ATM environmental columnist Kate Torgersen looks back on the recent Sports Environment Alliance Summit in Melbourne.
The Sports Environment Alliance (SEA)… hands up if you have heard of it? If not, may I suggest looking into this not-for-profit organisation and seeing how you can get involved in making sure there is a future for all to continue playing sport. The SEA hosted their third sustainability summit at the Melbourne Cricket Ground on 5 March and being a previous panellist in 2017 I was eager to return and hear from all the presenters.
The summit focusses on practical ways the sports industry can limit its impact on the environment.
The event brought together national, state, community and professional sporting associations along with all levels of sport and government, facility managers and sustainable service providers to explore what a sustainable future may look like for the sporting sector.
As Dr Sheila Nguyen, executive director of SEA, explains: “The sport industry needs the environment and right now the environment needs a loud, sexy, high profile voice and I believe sport holds the megaphone.”
Dr Nguyen will be presenting at the 2019 Asia Pacific Turfgrass Conference in Brisbane on reducing environmental impacts at sporting venues and I can guarantee you will leave the presentation feeling empowered to create a sustainable future at your workplace.
The MCG hosted the third annual Sports Environment Alliance Summit in early March
This year’s summit kicked off with three facility tours of the MCG, Flemington racecourse and the Melbourne and Olympic Park Trust precinct.

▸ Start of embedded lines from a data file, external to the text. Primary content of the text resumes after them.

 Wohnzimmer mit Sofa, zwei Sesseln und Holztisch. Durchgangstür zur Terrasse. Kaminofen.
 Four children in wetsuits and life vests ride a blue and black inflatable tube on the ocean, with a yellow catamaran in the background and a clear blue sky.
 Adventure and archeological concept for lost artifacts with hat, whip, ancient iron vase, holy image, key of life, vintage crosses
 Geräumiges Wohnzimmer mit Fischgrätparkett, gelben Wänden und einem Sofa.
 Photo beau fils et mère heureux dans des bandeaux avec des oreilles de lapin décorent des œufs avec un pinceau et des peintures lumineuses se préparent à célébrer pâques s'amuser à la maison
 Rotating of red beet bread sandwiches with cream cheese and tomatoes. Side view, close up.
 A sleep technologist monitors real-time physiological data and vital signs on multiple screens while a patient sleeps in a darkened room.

The MCG tour took delegates ‘back of house’, going behind the scenes of the iconic arena to get an insight into the eco-efforts being made. The Melbourne Cricket Club is a proud foundation member of the SEA and was recognised with the inaugural #SEAChanger Award at the 2016 summit.
In 2018 the MCG became the first sporting venue to close the loop on organics recycling, with waste produced at the stadium treated in-house via an organics dehydrator. This waste is turned into a soil additive that is then used on the stadium surrounds.
At Flemington, home of the Victoria Racing Club (VRC), executive general manager James Reid, explained the facility’s sustainability innovations which went into the design of the new state-of-the-art Club Stand which opened ahead of during the last Spring Carnival.